I realize that the title of this post might not be the most fascinating post but, I try to make it a point to post about things that I think will inform other developers and there are a lot of developers working on federated security right now, especially those attempting to bridge the gap to the cloud either by moving to Azure or creating Azure-Enterprise hybrids.
Before I get to the how of this, let’s talk about the why. Why is this elegant or simple? Under the hood it is anything but simple, but the developers of individual applications within your enterprise as well as developers of partner applications will thank you for this and it does make this far simpler.
There are a couple of scenarios here, but I’ll talk about the two major ones (other scenarios are usually just variants/combinations of the below):
- Federation with Business Partners. In this scenario there are external business partners to whom you wish to grant access to your web app.
- Federation of related applications within the same enterprise, also enabling SSO. In this scenario your enterprise has many web applications and multiple active directory domains and you wish to allow anyone from either domain to access any of the web applications.
In my case I had to create something like #2, although the fact that #1 becomes possible “for free” didn’t hurt. In my scenario I had a full-blown enterprise domain that was managed by the IT people and I had a separate active directory in which customer accounts were stored and against which customers needed to authenticate. The goal here was to provide a unified interface so that internal employees and external customers authenticated against the other domain would have the same SSO login screen. ADFS let me do that, and it actually wasn’t all that difficult once I got advice from the right people and got the hang of the terminology.
So, before I get into how I got ADFS to federate authentication of all my enterprise web applications across two domains, let’s run through some terms.

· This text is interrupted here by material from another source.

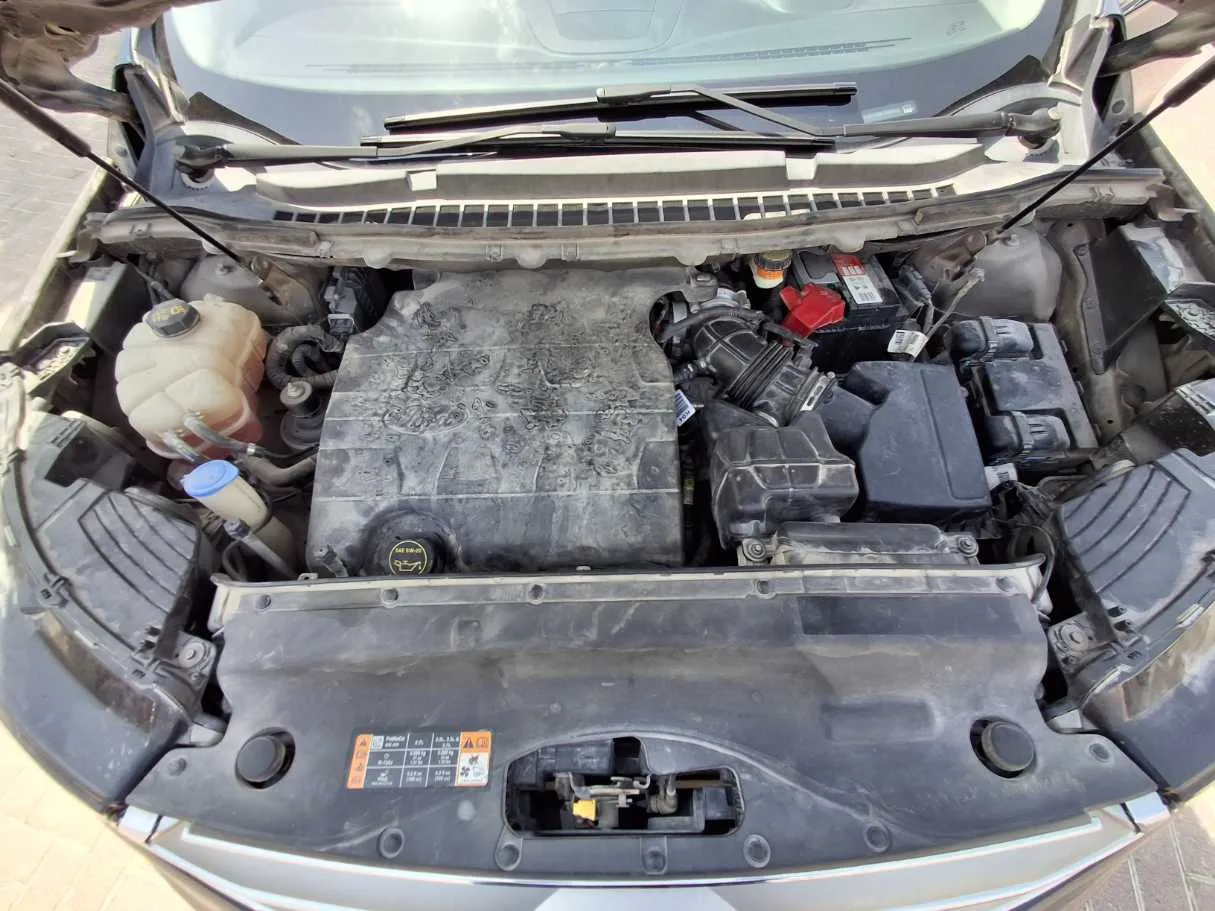 Car image 21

If you know this already, feel free to skip ahead to the good stuff:
- Relying Party Trust – A relying party is an application that relies on the federated security system for authentication and authorization. The application agrees to give up isolated management of user information and permissions and trusts that the federated system will take care of those details. It becomes passive and expects that information about the user’s identity and permissions will come across as claims.
- Claims Provider Trust – Claims Provider trusts are essential for multi-domain federation. This is basically a trust relationship where you are telling your ADFS configuration that you trust that a specific set of claims can come from an external ADFS server (or other standards-compliant token server). Here we might create a claims provider trust from the employee ADFS to the customer ADFS, but I’ll explain more on that later.
- Attribute Store – Attributes are bits of information that can be returned to relying parties in the form of claims. ADFS comes pre-configured to use Active Directory as an attribute store. This lets you return claims for first name, given name, e-mail address, etc. You can also create custom attribute stores or use SQL server.
When you’re looking at the ADFS configuration, you’ll see a tree menu on the left that you can use to build these trust relationships and configure these stores:
When you configure a relying party trust, and then add claims rules (a topic for yet another post), you will be able to authenticate that website using the ADFS server instead of a mechanism built into that website.
When you have a Claims Provider Trust pointing from one ADFS server to the other, ADFS will actually bring up a screen that allows the user to choose which ADFS server they want to use for authentication. If you give them friendly descriptions, you can have the ADFS server prompt users to choose between things like Internal Employee and Customer.
The tricky part here is you have to pick the one ADFS server to serve as the one that all the applications use in their Web.config files. This server will then examine its configuration and if it is possible to get claims from another provider for a particular relying party, it will prompt the user with a dropdown. The other tricky part is that on the second ADFS server (in my case, the Customer ADFS server), you need to have a relying party configuration that points back to the Employee (or ‘master’) ADFS server.
So, to recap: You have web applications (ASP.NET/ASP.NET MVC in my case, but they can be other frameworks) that give up their own right to manage their own authorization and authentication. In doing so, they point to a central or master ADFS server within their Web.config files. This central ADFS server has a list of Claims Provider Trusts that is basically a list of all other external (either in-building or out on the internet) ADFS servers that can provide claims. The end user, when prompted to authenticate, chooses which of these ADFS servers they want to authenticate against (they see the friendly display name, e.g. ‘Customer’ or ‘Employee’ or ‘Vendor’ or ‘Supplier’ etc). The authentication takes place on the appropriate ADFS server and then tokens get bounced around over HTTP and as cookies until the user is finally taken back to the secure website.
The end result is that you can have a bunch of web applications within your enterprise, out in the cloud, or within partner enterprises that can all share a pool of user credentials for authentication and authorization without any information ever leaving its own privacy scope. Business A can use an application hosted by Business B and that application can ask the web user whether they are a Business A or Business B user and authenticate them properly.
I realize that it took an awful lot of words to explain this and walk through how this kind of configuration works, but it’s for a good cause. What I’m trying to get at here is that the days of having to build a plethora of applications, each of which having their own private silo of user information, are gone. Tools like ADFS give us the ability to create suites of interconnected apps within our enterprise as well as allow users from outside the enterprise to use these applications without incurring huge maintenance overhead with complicated nightly user-FTP jobs to synchronize accounts, etc.